最大の特徴はジョイスティック型ハンドルの雲台。直観的な操作ができます。ワンタッチで雲台のモードを切り替えると、ムービーにも適したなめらかな動きになります。ブラック・レッド・ホワイトのカラーバリエーションがあります。5段脚のため全高まで使うと安定性にやや不安があります。ロゴの入った収納ケースが付属します。
■ COMPACT Advanced 3Wayフォトキット
格納高44cm、最低高44.5cm~全高165cm(EVあり)、重量1.42kg、耐荷重3kg。

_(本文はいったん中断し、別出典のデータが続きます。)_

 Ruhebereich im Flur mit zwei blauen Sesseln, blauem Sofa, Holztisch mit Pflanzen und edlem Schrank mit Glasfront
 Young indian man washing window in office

3WAY雲台(取り外し不可能)、クイックシューつき、水準器なし。
自由雲台バージョンもあります。このレベルのつくりとデザインが1万円以内で買えるというのが驚きの製品。見た目だけで選んでも間違いないです。こちらも脚は5段で、ロゴ入りの収納ケース付属です。
■ Befree アルミ 4段 ボール雲台キット
格納高40cm、最低高34cm~全高144cm(EVあり)、重量1.4kg、耐荷重4kg
自由雲台(取り外し可能)、クイックシューつき、水準器なし。
脚は4段です。携帯性と丈夫さを兼ね備えた非常にバランスの良い製品。付属の収納ケースはCOMPACTシリーズよりかっこいいと思います。
NEWデザインは4色のカラーバリエーションです。
値段が高い三脚はやっぱりいいです。でも思った以上に高額。自分がどんなカメラやレンズを使用して、どこで何を撮りたいのかを考えると譲れないポイントが出てきます。そうすることで様々な条件のバランスがとれた三脚選びができると思います。
はじめての三脚選びはマンフロットのBefreeに軍配が上がりそうな予感です。